N. Katherine Hayles, the Duke University professor of literature who gave the official response to the roundtable, devoted much of her talk to the “perception gaps” between senior faculty members and scholars entering the market. One barrier, she said, “is the mistake of thinking that digital projects are simply text written on a vertical screen instead of on paper,” ignoring the data collection not evident on the page.

“I do think this is a quite serious obstacle, and it’s not the fault of the young people that they should be faced with incomprehension,” said Hayles, suggesting the MLA should give tenure committees more specific benchmarks. “If you look at the MLA guidelines, they say some sensible things, but they have nothing to say about what distinguishes a good digital humanities project from a poor one. I think that’s an issue that the entire community needs to have discussion on.”

To avoid misunderstandings, Ball and other scholars, such as Adeline Koh, assistant professor of literature at Richard Stockton College of New Jersey, said they opted for the “monograph plus” model of graduate work, as described by Kari Kraus, assistant professor in the College of Information Studies and department of English at the University of Maryland at College Park.

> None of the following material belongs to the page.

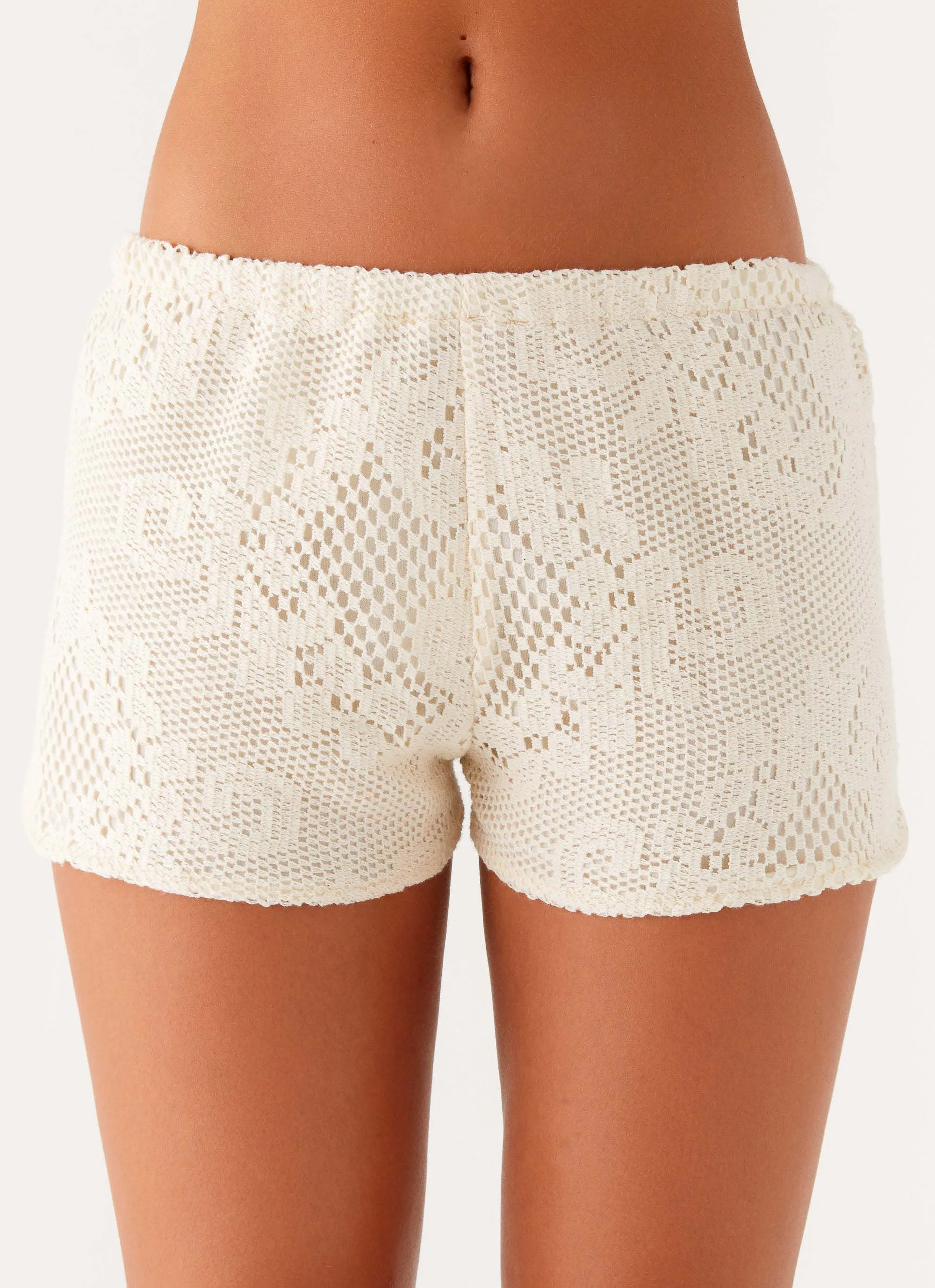 Nada Mini Shorts - Ivory Abrasion Resistant Surface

“I did everything I was traditionally supposed to, and then I did digital stuff as well,” Koh said.

The next generation

In the session preceding the roundtable, groups of undergraduate and graduate students exhibiting their digital projects said they looked to copy that model.

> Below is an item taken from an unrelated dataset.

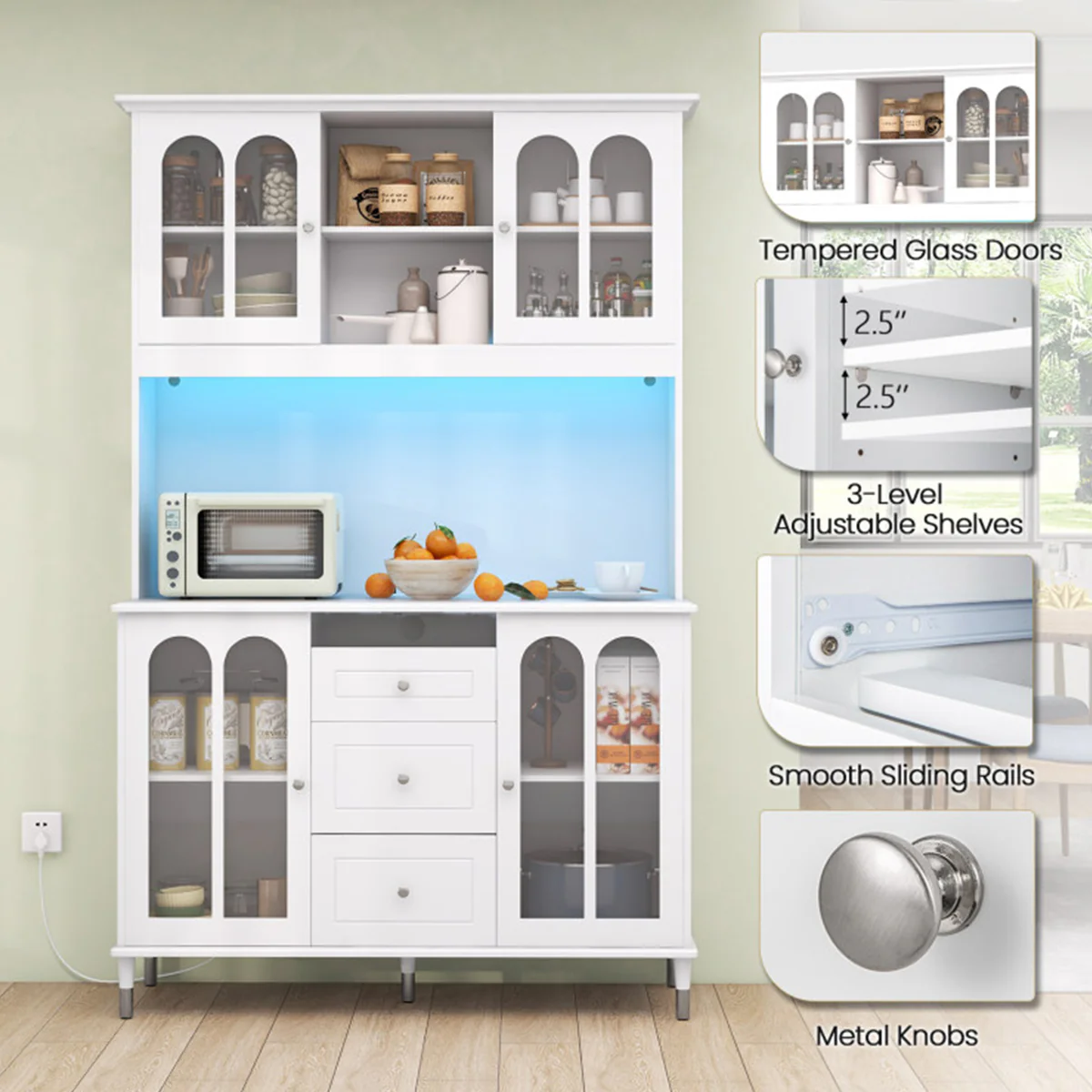 73'' Kitchen Pantry Storage Cabinet - Image 7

David DeCamp and Kristi Girdharry, graduate students of world history and English, respectively, at Northeastern University, presented  “Around DH in 80 Days,” a crowdsourced effort that highlights a new digital humanities project every day for 80 days. Girdharry said the the project aims to answer the question “What is DH?” by giving followers “easily digestible bits” of information.

“We decide to learn DH by doing it -- and to also learn about DH by learning about other projects,” DeCamp said.

In most cases, however, students said the projects on display in Chicago would not be a part of their dissertations. Amanda Licastro, a graduate student of English at the City University of New York Graduate Center, said she lists digital work separately from awards, grants and publications on her curriculum vitae, and brings printed screenshots to job interviews.

“I think that as digital work becomes more and more a part of our C.V.s... committees will be used to seeing that and knowing what to do with it,” Licastro said.